Made some bullets and shot (most) of them. The problem is that a one of them did not fire. It looks like it should have fired, there is a mark from the firing pin. Maybe it's a light firing pin strike, but I tried to fire this round at least 4 times with no BANG! Loaded another bullet and it fired OK. The mark on the primer looks as deep as the other cases, but it was inspected after those firing attempts. possibly, the first strike might have been light, but I'm not sure. It's not a squib, the bullet is still attached so there's a full charge there.

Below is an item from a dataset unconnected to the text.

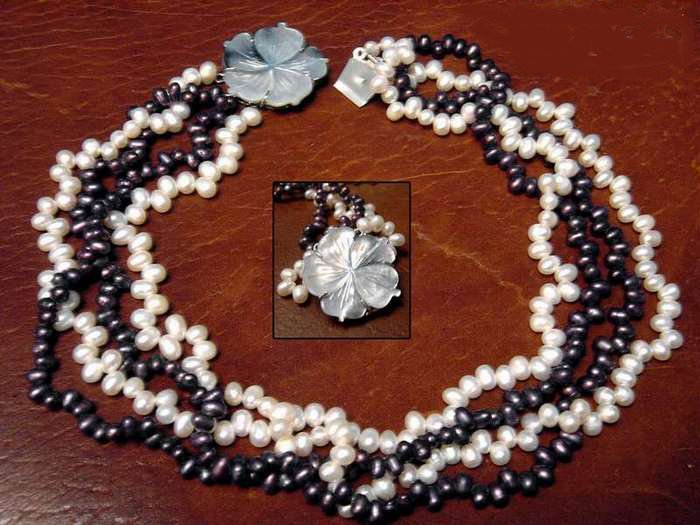 17'' 4ROWS white black cultured pearl Necklace shell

This was a Winchester WLP large pistol primer. My question is: what do I do with this round that won't fire? I'm afraid that it might go off if I try a inertia puller since the primer has already be hit. How can I safely deactivate this round and dispose of it? Soak it in something? Cast it in a big block of concrete and throw it in the trash? Seriously, what is the best course of action here?

As a side question, what could cause a light firing pin strike on a Smith and Wesson revolver (new type with the floating pin)? Assuming that the tension screw is all the way in and tight on the main spring, could the firing pin area be in need of cleaning? could there be debris not allowing the firing pin to have free travel and then have intermittent light primer strikes?

Thanks in advance for any information that anyone can provide.

Les.

bumpo628
07-20-2011, 10:06 PM
Could just be a bad primer. It's rare, but it happens.

I would just pull it with an inertia puller. Of course, I would put a large object in between me and the hammer just to be on the safe side. I've done it several times before.

Low-Pressure
07-20-2011, 10:17 PM
As stated, it could be a bad primer. I had 3 of those so far and they were wolf spp.

nagorb
07-20-2011, 10:25 PM
If you're really worried soak it in some WD-40 and then use an inertia puller.

Desert_Rat
07-20-2011, 10:25 PM
Just pull it with your inertia puller. I don't see what the big deal is. If it was a hang fire situation,you'd already know. That thing was just a dud. It happens,pull it and put the brass in with the rest of your fired brass.

Divernhunter
07-20-2011, 10:30 PM
Just pull it. No problem. Then punch out the primer and start over. Also no problem just punching out the primer. You will not get hurt.

Les K
07-21-2011, 5:29 AM
Thanks for the advice everyone.

Les K
07-21-2011, 7:48 AM
Here's an interesting tidbit that I found on the Smith and Wesson forum:

It seems that intermittent light primer strikes and subsequent misfires are not unheard of for the newer revolvers, and some say this was caused by California gun laws. Other people are experiencing the same thing (some right in the middle of competition) because they say apparently Smith and Wesson shortened the firing pins from .495" to .485" so that the California drop test will pass. I don't know how much truth there is to this and I haven't yet removed the firing pin to measure it. If true, I will not be happy because I don't really want to start replacing parts in an almost new gun.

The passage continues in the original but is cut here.